Initializing with preloads

You can preload the necessary language models for faster processing. The preload option loads the models for the supported languages (uk, ru, surzhyk).

from slaviclean import SlaviCleaner

scleaner = SlaviCleaner(preload=True)

Core Functions

get_available_languages()

Retrieves a set of languages supported by the profanity filter.

  • Returns:

    • A set of language codes (e.g., {'uk', 'ru', 'surzhyk'}).
  • Example:

from slaviclean import SlaviCleaner

scleaner = SlaviCleaner(preload=True)
languages = scleaner.get_available_languages()

print(languages)  
# Output: {'uk', 'ru', 'surzhyk'}

sanitize(message, lang, min_subtree_size, mask_symbol, slevel, analyze_morph)

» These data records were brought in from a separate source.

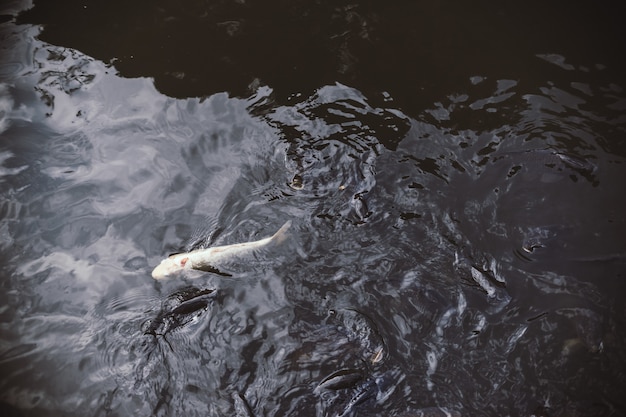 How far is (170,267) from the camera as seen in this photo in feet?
11.6

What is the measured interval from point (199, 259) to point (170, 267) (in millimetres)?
218

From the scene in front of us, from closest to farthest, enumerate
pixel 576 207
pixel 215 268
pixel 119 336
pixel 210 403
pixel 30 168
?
pixel 210 403
pixel 119 336
pixel 215 268
pixel 576 207
pixel 30 168

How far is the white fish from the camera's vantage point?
355cm

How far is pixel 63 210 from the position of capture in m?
4.05

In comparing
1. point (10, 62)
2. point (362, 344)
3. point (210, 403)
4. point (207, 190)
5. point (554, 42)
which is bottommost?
point (210, 403)

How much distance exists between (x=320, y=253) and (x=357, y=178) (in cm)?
76

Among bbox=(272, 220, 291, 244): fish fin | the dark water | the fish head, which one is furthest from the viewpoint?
bbox=(272, 220, 291, 244): fish fin

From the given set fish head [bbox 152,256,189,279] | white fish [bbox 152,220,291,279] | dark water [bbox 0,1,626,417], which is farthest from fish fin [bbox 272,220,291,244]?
fish head [bbox 152,256,189,279]

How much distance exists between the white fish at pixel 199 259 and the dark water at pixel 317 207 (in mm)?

Filters profanities from the given message and returns a detailed report.

  • Arguments:

    • message (str): The input message to filter.
    • lang (str): The language of the message (supports 'uk', 'ru', and 'surzhyk', default is 'surzhyk').
    • min_subtree_size (float): Minimum size of the token subtree for dependency parsing (default is 3).
    • mask_symbol (str): Symbol used to mask profanities (default is '*').
    • slevel (str): Severity level of filtering (can be 'complete', 'basic', or 'minimal', default is 'complete').
    • analyze_morph (bool): Whether to analyze the morphology of words (default is False).
  • Returns:

    • A SanitizeReport containing the masked message and list of detected profanities.
  • Example:

from slaviclean import SlaviCleaner

scleaner = SlaviCleaner(preload=True)
message = "От же ж, к у р в а, страхуй, бо об’ївся г***м супом, облив себе соком, ще й сумка, су4k@, відірвалась"
 
sanitize_report = scleaner.sanitize(message, lang='uk')

print(sanitize_report)  
# Output: 
#   SanitizeReport(
#      message='От же ж, курва, страхуй, бо об’ївся г***м супом, облив себе соком, ще й сумка, су4k@, відірвалась', 
#      masked_message='От же ж, *****, страхуй, бо об’ївся ***** супом, облив себе соком, ще й сумка, *****, відірвалась', 
#      profanities=[
#           Profanity(span=(9, 14), nearest='курва', tags=['vulgar', 'euphemism', 'loanword']), 
#           Profanity(span=(36, 41), nearest='г***м', tags=['masked']), 
#           Profanity(span=(79, 84), nearest='сучка', tags=['insulting', 'slur', 'vulgar'])])

Available Severity Levels

  • complete
    Cleans all profanities, including euphemisms, vulgarities, and loanwords.
  • basic
    Cleans more aggressive profanity, without including euphemisms.
  • minimal
    Only cleans the most offensive words.

Supported Languages

SlaviCleaner currently supports the following languages:

  • Ukrainian (uk)
  • Russian (ru)
  • Surzhyk (surzhyk)

License

This project is licensed under the MIT License - see the LICENSE file for details.


Acknowledgments

  • The spaCy library is used for NLP tasks like tokenization, part-of-speech tagging, and dependency parsing.
  • The pymorphy3 library is used for morphological analysis.

Project details


Download files

Download the file for your platform. If you're not sure which to choose, learn more about installing packages.

Source Distribution

slaviclean-0.0.1.tar.gz (287.1 kB view details)

Uploaded Source

Built Distribution

If you're not sure about the file name format, learn more about wheel file names.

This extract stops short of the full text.